Segment Start: Records for this exercise
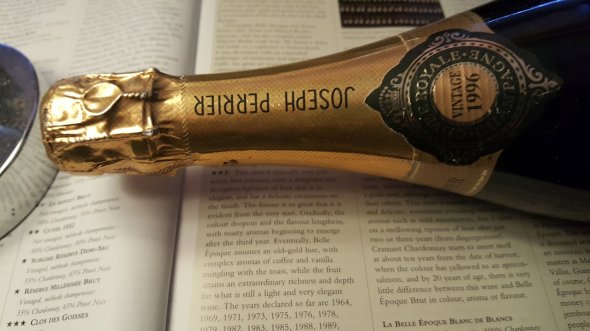 Joseph Perrier Cuvee Royale 1996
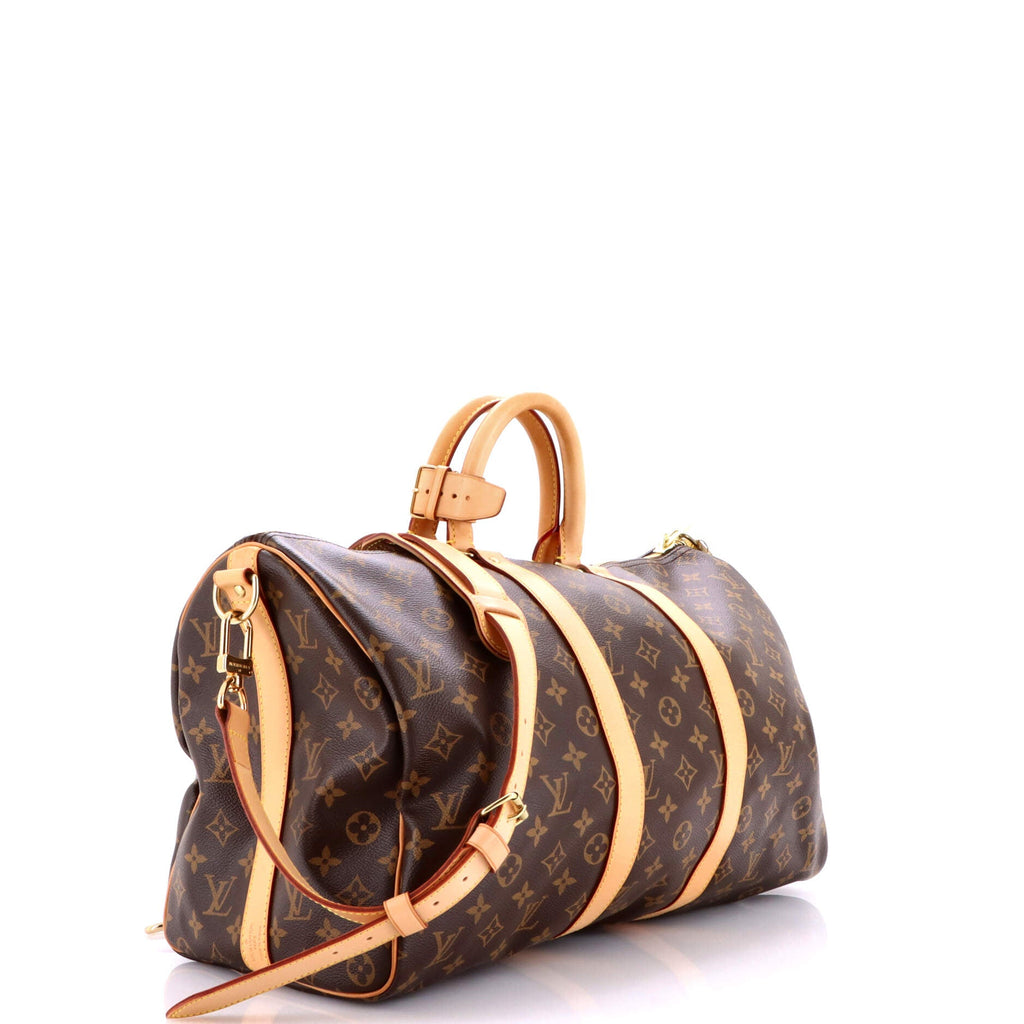 Keepall Bandouliere Bag Monogram Canvas 45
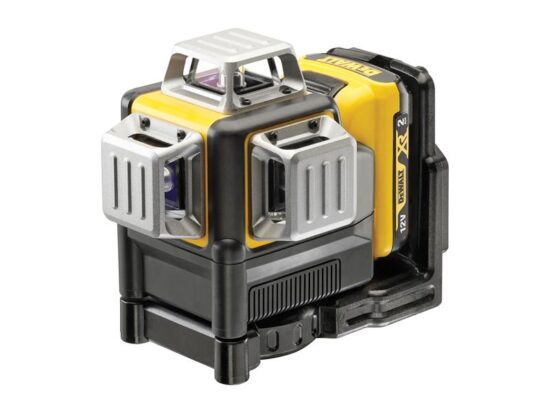 DCE089 D1G Self-Levelling Green Multi Line Laser 12V 1 x 2.0Ah Li-ion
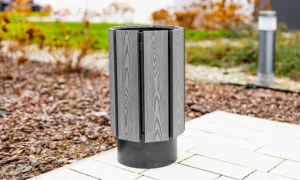 Koš za smeće Atene WPC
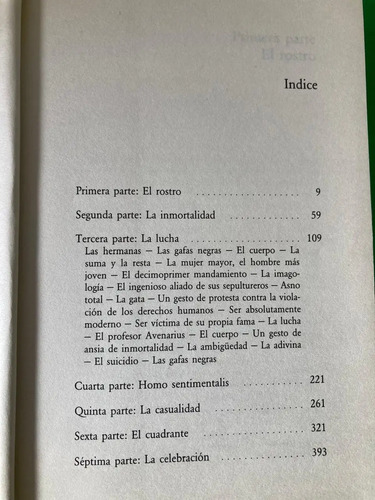 La Inmortalidad - Milan Kundera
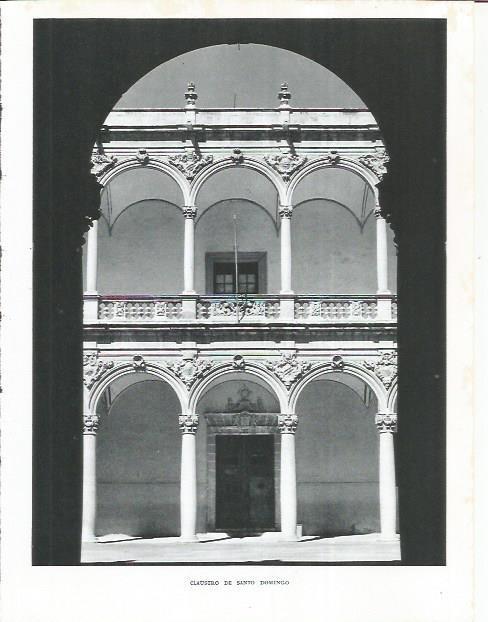 LAMINA 21990: Claustro de Santo Domingo en Orihuela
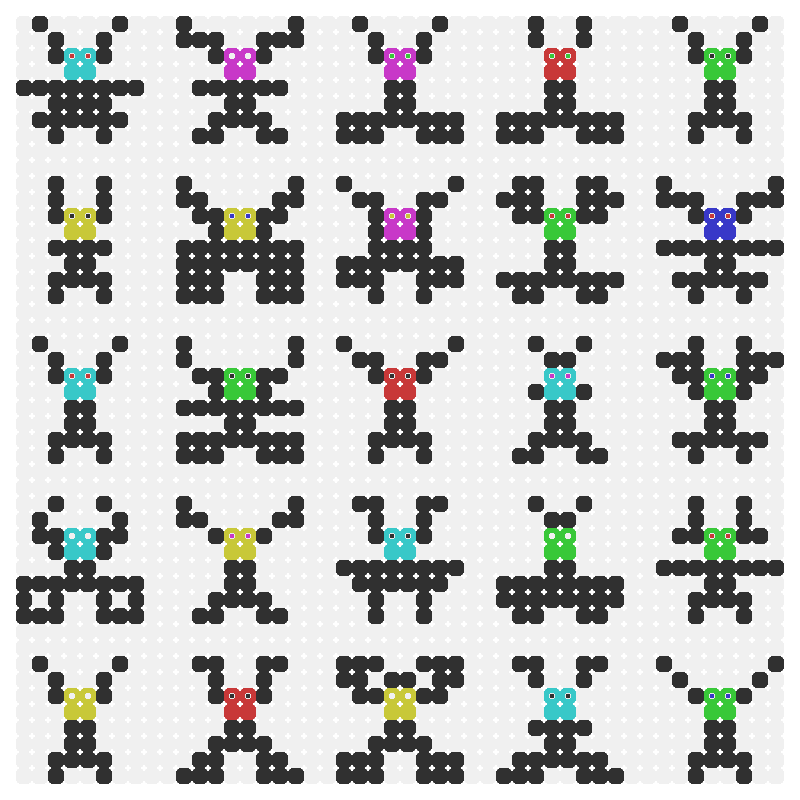 8x8 Pixel Creatures #147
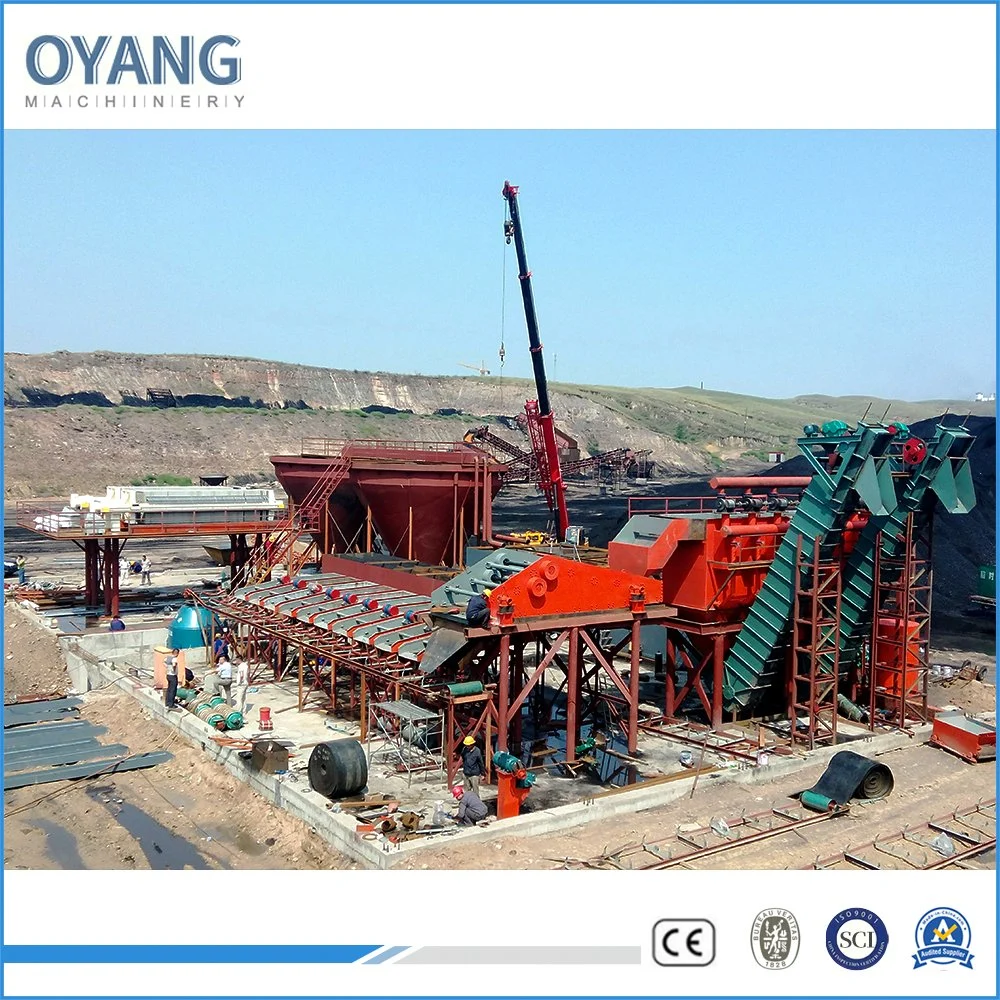 Slime Water Treatment Equipments for Coal Preparation Plants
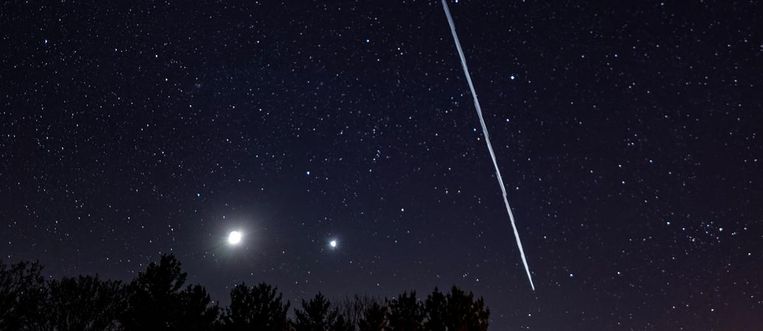 Op dit tijdstip kun je dé meteorenzwerm van het jaar zien Beeld Getty Images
Segment End: Records for this exercise
Please give a word-for-word transcript of the lines from the one holding "La Inmortalidad - Milan Kundera" through the final line of the entries, both ends kept, with no pictures.

 La Inmortalidad - Milan Kundera
 LAMINA 21990: Claustro de Santo Domingo en Orihuela
 8x8 Pixel Creatures #147
 Slime Water Treatment Equipments for Coal Preparation Plants
 Op dit tijdstip kun je dé meteorenzwerm van het jaar zien Beeld Getty Images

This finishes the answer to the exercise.